# FS:EVERYTHING MUST GO, throw a price at me - stands & 55g FW setup, etc.



## vancityyardy (May 2, 2010)

*Is there anyone that has the slightest interest about any of these items before i take em to the dump?*
Hello everyone, just trying to clear some balcony & storage space so looking to get rid of some over stock equipment... All prices are negotiable

Stand with 2 storage areas (36"x12") - $45 o.b.o.
Steel stand with extreme stability and strength (72 3/4"x18 3/4") - $80 o.b.o. 
Unfinished diy stand, extremely strong and sturdy... this stand is under all that driftwood (72"x18") - $80 o.b.o.
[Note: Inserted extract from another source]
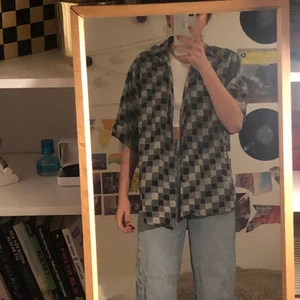 Rutig skjorta - Snygg rutig skjorta. Köpt secondhand men är i jättefint skick. Kortärmad och oversized på mig som vanligtvis är en s/m.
let me know if anything strikes your eyes or anything you have questions on or if more pics needed.
Thx for looking.


----------



## MananaP (Apr 22, 2010)

Those DW must be big for $30 each? What is the exact seizes? THANKS!


----------



## vancityyardy (May 2, 2010)

various sizes, not sure how to measure them in width but they are on a 23" wide piece of plywood


----------



## vancityyardy (May 2, 2010)

Bump for price change


----------



## Brisch (May 13, 2010)

my tank is 48"x 16" would I be able to put it on that one stand thats 48"x18"?


----------



## pieces71 (Apr 21, 2010)

what kind of wood are your DW?


----------



## bowman00 (Apr 27, 2010)

You have been Pm'd


----------



## vancityyardy (May 2, 2010)

Hi, 
The tank would fit on the stand, there would just be a 2" gap at the back which could be modified by a 2by3/4" piece of wood.


Brisch said:


> my tank is 48"x 16" would I be able to put it on that one stand thats 48"x18"?


----------



## vancityyardy (May 2, 2010)

PM replied



bowman00 said:


> You have been Pm'd


----------



## vancityyardy (May 2, 2010)

I'm not sure of the kind of dw these r but if u would like to help me out and either take a look at them to specify then that would be my pleasure.



pieces71 said:


> what kind of wood are your DW?


----------



## Brendan (Apr 21, 2010)

Pm'd you for the 48x18" stand


----------



## vancityyardy (May 2, 2010)

free bump ty


----------



## vancityyardy (May 2, 2010)

Another bump for sturdy stands


----------



## tha604boi (May 21, 2010)

*xp rena filters*

How much are your two xp rena filters


----------



## vancityyardy (May 2, 2010)

Hey, sry a setup is no good without a filter so i would love to keep it with the aquarium and all...
Thx for your interest



tha604boi said:


> How much are your two xp rena filters


----------



## vancityyardy (May 2, 2010)

Last bump before the dump


----------



## Brisch (May 13, 2010)

do you still have the black stand? Ill take it


----------



## icy.bing (Jun 19, 2010)

do you have the DW there?

i am interested in it!

let me know!


----------